I have the following data showing 5 possible kids to invite to a party and what neighborhoods they live in.

I have a list of solutions as well (binary indicators of whether the kid is invited or not; e.g., the first solution invites Kelly, Gina, and Patty.

data <- data.frame(c("Kelly", "Andrew", "Josh", "Gina", "Patty"), c(1, 1, 0, 1, 0), c(0, 1, 1, 1, 0))
names(data) <- c("Kid", "Neighborhood A", "Neighborhood B")
solutions <- list(c(1, 0, 0, 1, 1), c(0, 0, 0, 1, 1), c(0, 1, 0, 1, 1), c(1, 0, 1, 0, 1), c(0, 1, 0, 0, 1))

I'm looking for a way to now filter the solutions in the following ways:

a) Only keep solutions where there are at least 3 kids from both neighborhood A and neighborhood B (one kid can count as one for both if they're part of both)

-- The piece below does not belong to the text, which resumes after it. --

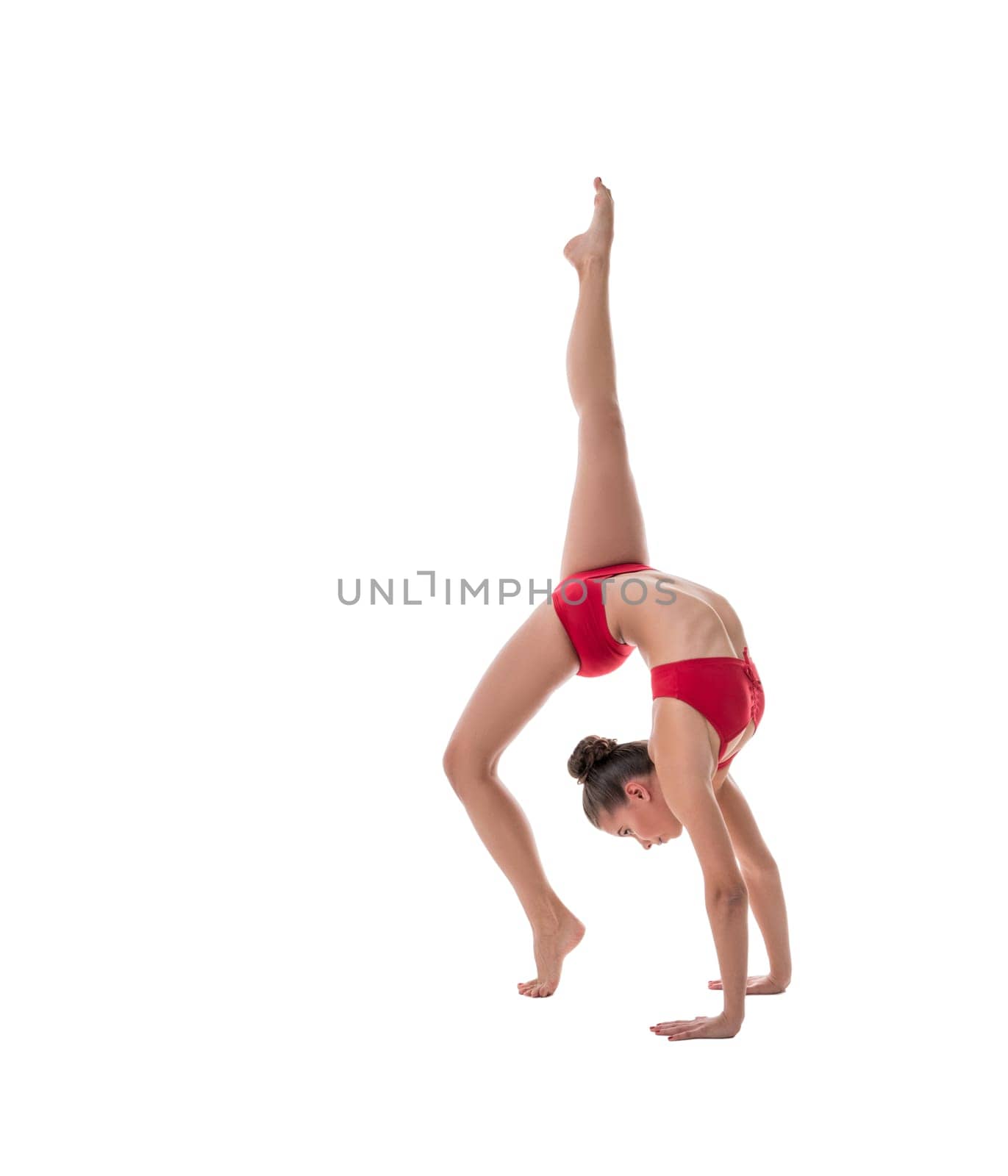 Female athlete performs gymnastic handstand in studio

b) Only keep solutions that have at least 3 kids selected (i.e., sum >= 3)

I think I need to somehow join data to the solutions in solutions, but I'm a bit lost on how to manipulate everything since the solutions are stuck in lists. Basically looking for a way to add entries to every solution in the list indicating a) how many kids the solution has, b) how many kids from neighborhood A, and c) how many kids from neighborhood B. From there I'd have to somehow filter the lists to only keep the solutions that satisfy >= 3?

Thank you in advance!

Kathy
  • 194
  • 3
  • 13

1 Answers1

1

I wrote a little function to check each solution and return TRUE or FALSE based on your requirements. Passing your solutions to this using sapply() will give you a logical vector, with which you can subset solutions to retain only those that met the requirements.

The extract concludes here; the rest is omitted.